1-11

 授業が終わると、魔道列車を乗り継いでシャリスがいる、エンディール家の本宅に向かった。高額ではあるが、魔道列車を使用することで馬車の旅では数週間かかる道程も、わずか数時間の小旅行に早変わりだ。


 しかし、すでに陽が落ちており、準王族である公爵家を訪ねるのはあまりにも失礼な時間だ。先ぶれの手紙だけ出して、明日尋ねるのが本当だろうが、今は時間が惜しい。


 失礼であるのは承知で、門番に取次ぎを依頼する。普通であればここで追い返されそうなものだが、なぜか門番は丁寧な対応で、待合室まで案内してくれた。


「勢いでここまで来ちゃったけど、くそじじいが役に立たなかったらどうしよう」


 愚痴っていると、光の球が勢い良く飛び出してきた。


『役に立たんとは何事か!お主はもう少し、主神であるワシを崇めよ』


 こんななりじゃなければ崇めようもあると思うんだけど、今の俺からしたら小うるさい光の球以外の何物でもないしなあ。
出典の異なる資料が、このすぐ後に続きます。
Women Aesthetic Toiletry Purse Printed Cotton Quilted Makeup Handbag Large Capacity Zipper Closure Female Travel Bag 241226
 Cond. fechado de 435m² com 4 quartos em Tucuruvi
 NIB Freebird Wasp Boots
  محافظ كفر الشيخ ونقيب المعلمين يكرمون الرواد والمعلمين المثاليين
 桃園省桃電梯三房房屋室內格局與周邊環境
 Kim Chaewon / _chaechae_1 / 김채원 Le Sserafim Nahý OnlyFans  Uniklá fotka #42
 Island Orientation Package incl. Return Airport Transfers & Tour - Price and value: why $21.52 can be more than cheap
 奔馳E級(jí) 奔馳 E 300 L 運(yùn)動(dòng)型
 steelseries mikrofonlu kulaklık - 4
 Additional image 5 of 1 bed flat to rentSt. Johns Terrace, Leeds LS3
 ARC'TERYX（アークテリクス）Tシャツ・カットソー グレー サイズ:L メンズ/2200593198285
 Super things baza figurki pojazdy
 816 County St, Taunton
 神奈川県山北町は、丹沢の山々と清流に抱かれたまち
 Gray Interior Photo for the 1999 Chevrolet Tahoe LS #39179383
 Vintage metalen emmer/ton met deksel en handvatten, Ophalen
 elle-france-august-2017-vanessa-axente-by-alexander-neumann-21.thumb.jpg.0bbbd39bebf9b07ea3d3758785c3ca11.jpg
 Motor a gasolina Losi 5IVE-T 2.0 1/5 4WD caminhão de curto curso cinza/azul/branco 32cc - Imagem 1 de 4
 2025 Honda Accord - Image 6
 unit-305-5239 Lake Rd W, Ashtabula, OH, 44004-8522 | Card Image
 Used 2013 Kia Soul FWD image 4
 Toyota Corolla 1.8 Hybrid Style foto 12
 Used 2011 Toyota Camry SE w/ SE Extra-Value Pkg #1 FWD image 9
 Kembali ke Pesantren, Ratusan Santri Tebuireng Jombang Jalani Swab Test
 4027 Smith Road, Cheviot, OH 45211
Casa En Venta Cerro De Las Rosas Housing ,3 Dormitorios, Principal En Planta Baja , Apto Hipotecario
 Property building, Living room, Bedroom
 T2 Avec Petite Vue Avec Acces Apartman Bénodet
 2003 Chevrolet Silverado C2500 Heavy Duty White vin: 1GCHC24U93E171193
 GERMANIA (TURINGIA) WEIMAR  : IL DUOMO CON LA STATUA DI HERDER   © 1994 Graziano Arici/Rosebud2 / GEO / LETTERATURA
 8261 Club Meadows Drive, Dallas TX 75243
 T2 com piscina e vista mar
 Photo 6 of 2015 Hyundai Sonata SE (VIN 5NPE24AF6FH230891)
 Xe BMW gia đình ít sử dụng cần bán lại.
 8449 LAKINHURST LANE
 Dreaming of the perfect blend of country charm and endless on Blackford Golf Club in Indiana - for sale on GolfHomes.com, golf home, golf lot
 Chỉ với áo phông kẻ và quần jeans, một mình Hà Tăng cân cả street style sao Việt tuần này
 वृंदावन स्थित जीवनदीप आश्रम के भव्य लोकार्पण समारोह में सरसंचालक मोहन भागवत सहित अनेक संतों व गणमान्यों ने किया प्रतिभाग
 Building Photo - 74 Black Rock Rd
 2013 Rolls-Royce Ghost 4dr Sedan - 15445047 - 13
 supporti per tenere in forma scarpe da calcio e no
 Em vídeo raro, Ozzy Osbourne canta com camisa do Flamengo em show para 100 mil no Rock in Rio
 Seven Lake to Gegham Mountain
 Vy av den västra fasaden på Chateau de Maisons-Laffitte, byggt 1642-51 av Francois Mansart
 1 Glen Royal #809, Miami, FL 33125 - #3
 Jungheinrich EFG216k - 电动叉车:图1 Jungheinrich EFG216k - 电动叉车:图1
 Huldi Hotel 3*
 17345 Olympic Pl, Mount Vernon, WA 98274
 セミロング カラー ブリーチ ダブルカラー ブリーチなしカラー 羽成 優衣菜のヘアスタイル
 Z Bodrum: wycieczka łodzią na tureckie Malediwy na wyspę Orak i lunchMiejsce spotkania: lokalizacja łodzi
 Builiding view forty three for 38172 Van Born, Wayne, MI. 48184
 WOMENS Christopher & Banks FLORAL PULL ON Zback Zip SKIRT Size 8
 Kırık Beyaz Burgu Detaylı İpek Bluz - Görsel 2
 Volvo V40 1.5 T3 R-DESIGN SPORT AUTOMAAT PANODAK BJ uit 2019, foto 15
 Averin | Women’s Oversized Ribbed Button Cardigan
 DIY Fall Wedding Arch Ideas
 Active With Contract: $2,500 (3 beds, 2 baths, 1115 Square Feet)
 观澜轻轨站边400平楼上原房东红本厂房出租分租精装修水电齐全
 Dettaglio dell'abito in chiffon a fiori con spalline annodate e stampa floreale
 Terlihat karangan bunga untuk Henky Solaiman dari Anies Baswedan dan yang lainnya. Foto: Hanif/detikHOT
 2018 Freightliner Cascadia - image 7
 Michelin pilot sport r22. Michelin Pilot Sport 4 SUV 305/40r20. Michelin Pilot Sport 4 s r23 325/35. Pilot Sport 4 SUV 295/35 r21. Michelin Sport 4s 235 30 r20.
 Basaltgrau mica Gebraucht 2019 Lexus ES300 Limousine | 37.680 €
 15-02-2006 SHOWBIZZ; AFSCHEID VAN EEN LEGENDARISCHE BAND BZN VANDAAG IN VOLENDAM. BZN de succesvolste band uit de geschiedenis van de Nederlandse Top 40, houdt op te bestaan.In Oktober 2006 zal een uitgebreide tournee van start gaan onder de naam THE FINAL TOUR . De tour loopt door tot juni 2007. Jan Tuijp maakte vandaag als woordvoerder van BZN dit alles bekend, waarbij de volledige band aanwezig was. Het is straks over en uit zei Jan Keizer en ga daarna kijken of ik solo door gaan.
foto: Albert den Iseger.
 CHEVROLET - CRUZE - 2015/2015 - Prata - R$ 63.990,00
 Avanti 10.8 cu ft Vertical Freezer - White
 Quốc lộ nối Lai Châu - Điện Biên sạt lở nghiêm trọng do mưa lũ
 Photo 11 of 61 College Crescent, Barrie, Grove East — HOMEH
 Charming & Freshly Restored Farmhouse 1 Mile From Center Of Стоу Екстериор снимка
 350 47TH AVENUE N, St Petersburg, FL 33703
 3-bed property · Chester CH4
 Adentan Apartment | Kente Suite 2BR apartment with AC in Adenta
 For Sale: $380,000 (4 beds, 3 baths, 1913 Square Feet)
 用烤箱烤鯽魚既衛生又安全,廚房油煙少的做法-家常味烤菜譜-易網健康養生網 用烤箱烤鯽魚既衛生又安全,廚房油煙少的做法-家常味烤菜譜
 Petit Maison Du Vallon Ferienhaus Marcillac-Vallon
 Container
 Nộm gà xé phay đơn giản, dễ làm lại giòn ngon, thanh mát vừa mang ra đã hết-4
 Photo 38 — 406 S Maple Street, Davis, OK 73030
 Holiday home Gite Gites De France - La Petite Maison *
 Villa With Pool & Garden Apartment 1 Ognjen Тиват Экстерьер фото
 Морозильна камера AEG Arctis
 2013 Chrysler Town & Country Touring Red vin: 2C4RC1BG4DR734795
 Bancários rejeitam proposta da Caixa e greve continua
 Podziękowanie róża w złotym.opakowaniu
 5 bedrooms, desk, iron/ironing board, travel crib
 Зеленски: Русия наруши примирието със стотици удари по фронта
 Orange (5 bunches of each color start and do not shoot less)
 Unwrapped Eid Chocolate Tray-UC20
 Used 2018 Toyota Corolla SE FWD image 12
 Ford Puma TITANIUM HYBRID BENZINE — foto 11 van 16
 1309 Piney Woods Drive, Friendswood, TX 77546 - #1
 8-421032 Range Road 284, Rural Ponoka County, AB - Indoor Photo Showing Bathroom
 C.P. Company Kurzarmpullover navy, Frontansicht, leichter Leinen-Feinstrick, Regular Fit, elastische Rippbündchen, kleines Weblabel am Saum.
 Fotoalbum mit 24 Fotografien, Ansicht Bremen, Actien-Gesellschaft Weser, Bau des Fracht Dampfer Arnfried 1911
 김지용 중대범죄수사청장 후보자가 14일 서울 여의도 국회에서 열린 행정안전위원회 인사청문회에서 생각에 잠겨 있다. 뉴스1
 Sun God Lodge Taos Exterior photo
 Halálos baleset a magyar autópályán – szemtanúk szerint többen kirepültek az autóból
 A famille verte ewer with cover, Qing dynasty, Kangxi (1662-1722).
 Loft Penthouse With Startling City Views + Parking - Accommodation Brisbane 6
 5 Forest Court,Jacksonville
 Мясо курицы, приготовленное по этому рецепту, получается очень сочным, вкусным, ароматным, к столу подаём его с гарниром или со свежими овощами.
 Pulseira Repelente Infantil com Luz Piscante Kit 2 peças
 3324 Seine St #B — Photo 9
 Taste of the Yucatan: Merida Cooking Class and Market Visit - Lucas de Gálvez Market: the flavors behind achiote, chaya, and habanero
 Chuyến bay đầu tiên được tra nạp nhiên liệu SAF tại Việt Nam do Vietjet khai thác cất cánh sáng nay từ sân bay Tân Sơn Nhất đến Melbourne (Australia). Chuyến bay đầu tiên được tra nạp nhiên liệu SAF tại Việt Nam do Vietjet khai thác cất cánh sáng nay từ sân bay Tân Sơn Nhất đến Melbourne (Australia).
『こう見えてワシ、随分と力を取り戻しておるんじゃぞ。呪いの一つや二つ、ちょちょいのちょいじゃわい』


 どうやら我が主神様は、シリウスくんを助けてくれる気があるらしい。むしろノリノリだ。シリウスくんを助けてもらった後、どのような無理難題を要求されるのかは、今は考えないようにしておこう。


「失礼いたします」


 ノックと共に、初老の老紳士が入室してきた。左目にモノクルを装備し、白髪の混じった茶色の髪をオールバックにした、まさに執事といった様相だ。


「旦那様がお会いになるそうです」

「うぇっと、今日はシャリス嬢へ面会したく参上したのですが」

「旦那様がお会いになります」

「いやぁ、せめてシャリスが一緒の方が」

「旦那様だけで、お会いになるそうです」


 そうだよね。正式な婚約が結ばれたわけでもないのに、夜分に尋ねてきた婚約者(仮)と大事な娘を合わせるわけなんてないよねえ。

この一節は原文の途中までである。